6.         Please clarify the scientific meaning of unit (μg Ce/g Mice) in y-axis (Figure 4B). Furthermore, as stated by the authors, a single dose of 7.2 mg/kg of body weight nanoceria conjugated with MSA in PB 10 mM, corresponding to the maximal volume that can be administered intravenously. However, according to the blue dotted line (indicative of administered dose) in Figure 4B, the numerical value seems to be below 6 (rather than 7.2). Please carefully check the data presentation again.

7.         The authors should further specify the underlying reason of using CeO2NPs-PEG in Figure 7. It would be better to include the test group without PEGylation for fair scientific comparisons.

8.         As stated by the authors, nanotechnology has shown us how mineral antioxidants, like metal oxide nanoparticles, especially cerium oxide (CeO2) nanoparticles (NPs), nanoceria, are safe and powerful anti-inflammatory substances. However, this important statement was not supported by any documented reference. Over the past few years, some review papers have emphasized the development of CeO2 nanoparticles as anti-inflammatory substances (please refer to the following examples: #1 DOI: 10.1021/acs.chemrev.8b00626 & #2 10.3390/molecules25194559 & #3 DOI: 10.1016/j.cej.2022.134970). The authors are highly recommended to consider the inclusion of these relevant reviews in the reference list to balance scientific viewpoint and update the article content.
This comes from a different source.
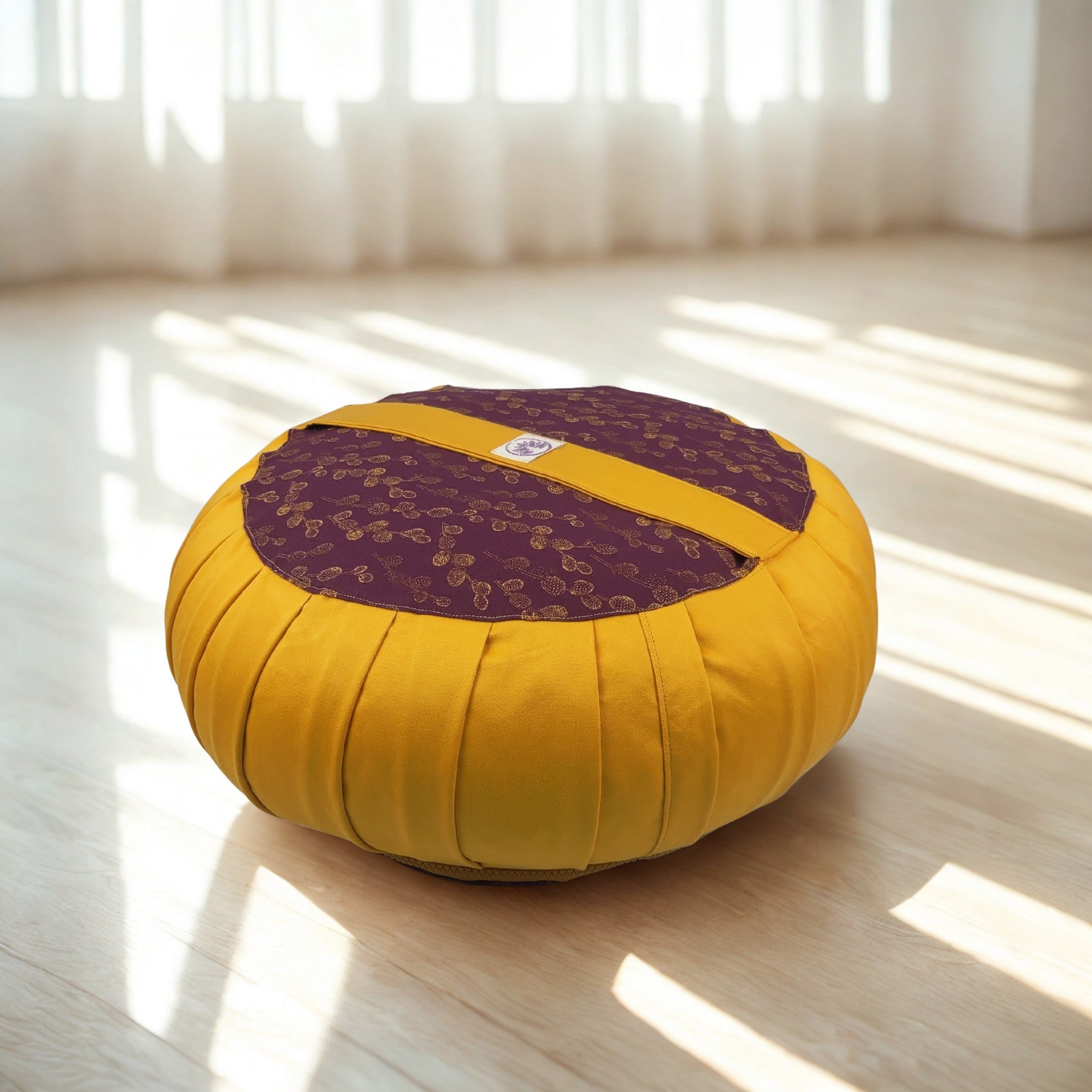 Cuscino Da Meditazione Zafu Rotondo Con Riempimento In Grano Saraceno - Gatti E Rane - Boon Decor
9.         As stated by the authors, nanoceria efficacy has successfully been tested in a wide variety of disease models, mainly in inflammatory-related pathologies. In fact, the authors illustrate many diseases, but miss the following important examples i.e., acute glaucoma (please refer to DOI: 10.1016/j.cej.2022.138620) and chronic glaucoma (please refer to DOI: 10.7150/thno.54525). In order to attract more attention from audiences, the authors are highly recommended to consider the inclusion of these publications relevant to nanoceria for inflammatory-related pathologies in the reference list to enrich the research background of the article content.

Author Response

Please see the attachment

Author Response File: Author Response.pdf

Round 2

Reviewer 2 Report

The revised version adequately addressed the critiques raised by this reviewer and is now suitable for publication in "Antioxidants".